When Jerome Robbins died in late July, many of the tributes and obituaries noted that after his tremendous success in Fiddler on the Roof in 1964, he never again returned to the Broadway musical stage until in the late 1980's when he put together his anthology of dance works in Jerome Robbins' Broadway. Whenever he was asked why he abandoned theatre in favor of the dance world, he would reply very succinctly, "No collaborators."
Playwright Moss Hart, on the other hand, loved the rough and tumble of collaboration, particularly as evidenced in his classic 1948 stage comedy, Light Up the Sky, which the La Jolla Playhouse is presenting in a 50th anniversary production through Sept. 27. The show is an affectionate backstage look at the foibles and frailties of an obsessive group of show folk on the night when their new production opens in Boston on its way, hopefully, to Broadway. The types are familiar -- if from another era: the boorish producer, the emotionally extravagant, larger-than-life star, the hopeful young playwright (and the cynical old one) and the high-strung director who, as one character put it, "cries at card tricks."
Unlike behind-the-scenes spoofs of Hollywood filmmaking, which often center on greed and venality (Four Dogs and a Bone; Speed the Plow; Mizlansky/Zilinksy or "schmucks"), playwrights who look at the theatre invariably combine their jabs and the childishness and ego of the players with a real affection and romantic view of its crazy world. That was especially true of Moss Hart, who co-authored with George S. Kaufman such great classics as Once in a Lifetime, The Man Who Came to Dinner and You Can't Take It With You.
"Moss loved the theatre and simply adored actors; that's what made him such a good director," says Kitty Carlisle Hart, his widow and the keeper of the Hart flame who herself toured in many of her husband's productions, including Light Up the Sky. (She will not, however, be involved in the La Jolla production.) "I think he really found something terribly exciting about what happens when you have a group of people in a hotel room trying to solve this complicated, difficult process of putting on a play. He never tired of it. He was inspired by it."

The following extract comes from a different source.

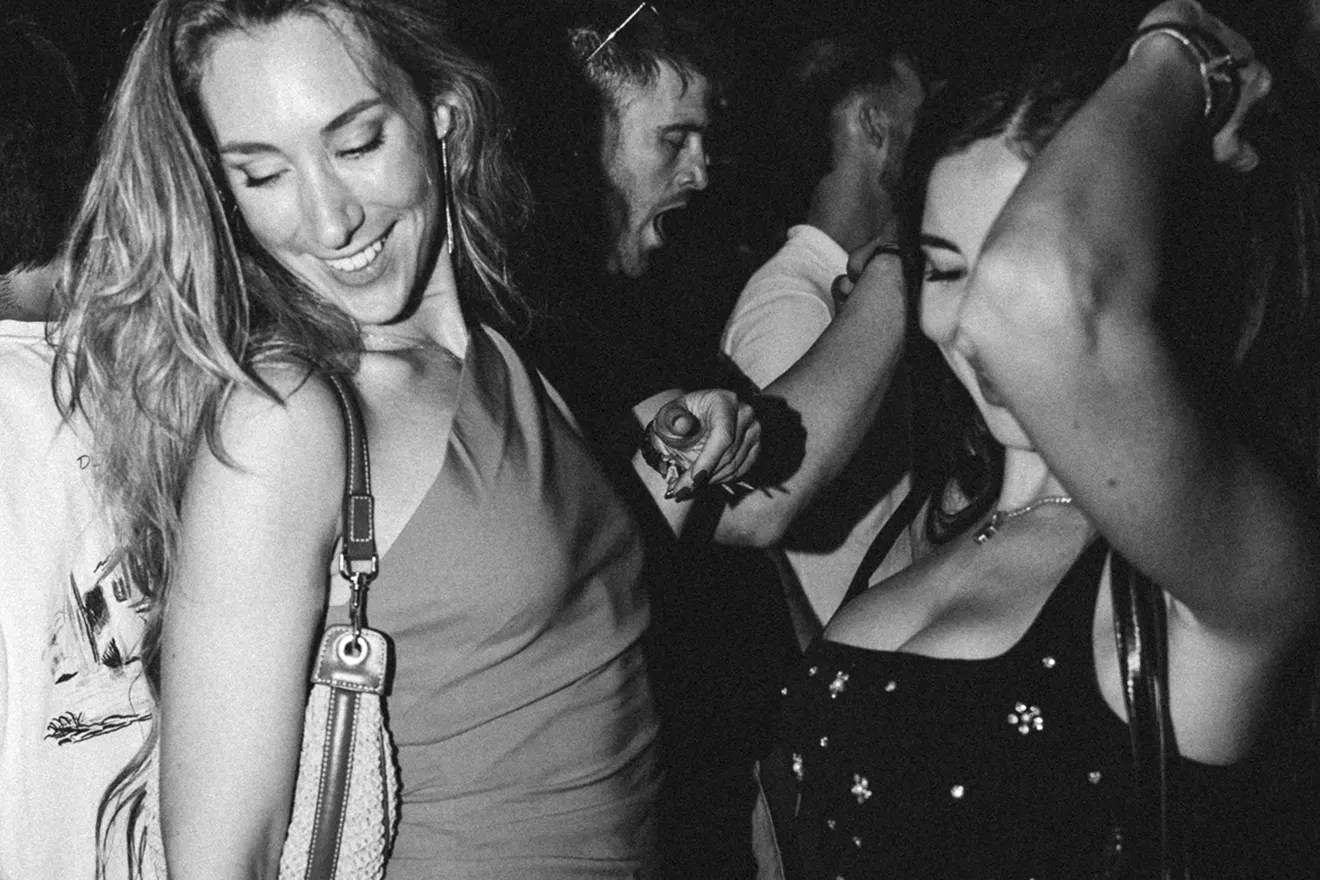 Club Alicante - Monna Club Alicante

Now that Broadway shows evolve through regional and Off-Broadway productions, the out-of-town tryout is more and more an exotic experience. And, indeed, the world evoked in Light Up the Sky may seem somewhat foreign and topical (the characters of both the producer and star were based on the legendary Billy Rose and Gertrude Lawrence, respectively). But Neel Keller, who is directing the show, says that its relevance applies to any collaborative effort -- whether it be a secretary pool, a sports team or the conference room of a law office or stock brokerage. "Hart was really interested in people's ability to be swayed," he says, "to have their beliefs and dreams strongly challenged by doubts and recriminations, so that they wonder whether they were right to believe what they believed in the first place."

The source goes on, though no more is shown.